** Your objective **
Both the line with "BMW S 1000 RR Gebrauchtwagen" and the line with "Ckt5060 Programmable DC" in the records below must appear in the output, along with every line between them, exactly and with nothing added.

▬▬▬▬▬▬▬▬▬▬

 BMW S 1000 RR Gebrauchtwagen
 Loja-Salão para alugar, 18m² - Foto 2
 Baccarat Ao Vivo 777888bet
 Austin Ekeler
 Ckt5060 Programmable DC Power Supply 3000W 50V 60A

▬▬▬▬▬▬▬▬▬▬

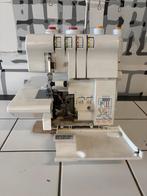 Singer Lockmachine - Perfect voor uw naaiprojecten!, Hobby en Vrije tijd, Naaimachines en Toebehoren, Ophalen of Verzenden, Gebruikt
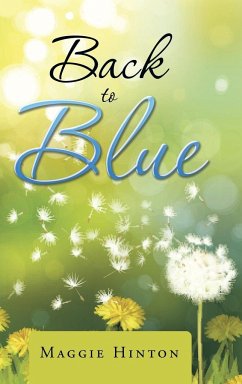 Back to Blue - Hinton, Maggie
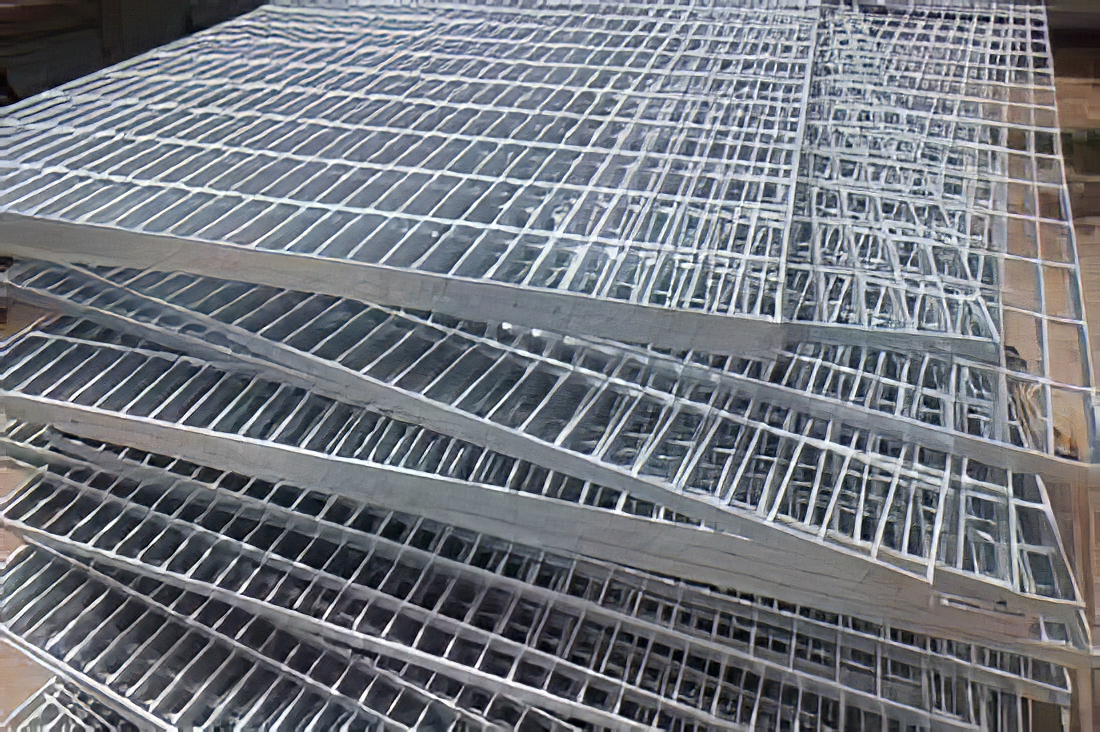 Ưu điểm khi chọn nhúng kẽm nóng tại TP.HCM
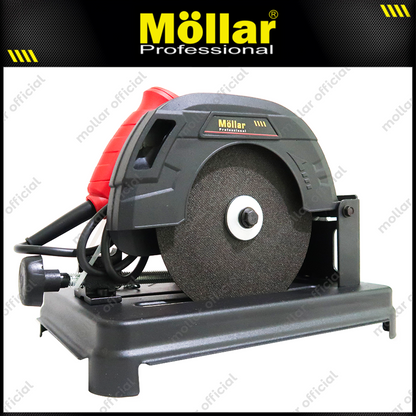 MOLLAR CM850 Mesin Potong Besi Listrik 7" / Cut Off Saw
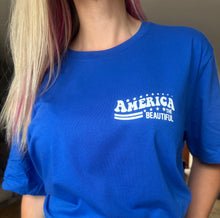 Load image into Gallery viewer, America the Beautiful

▬▬▬▬▬▬▬▬▬▬

** Exercise result **
 BMW S 1000 RR Gebrauchtwagen
 Loja-Salão para alugar, 18m² - Foto 2
 Baccarat Ao Vivo 777888bet
 Austin Ekeler
 Ckt5060 Programmable DC Power Supply 3000W 50V 60A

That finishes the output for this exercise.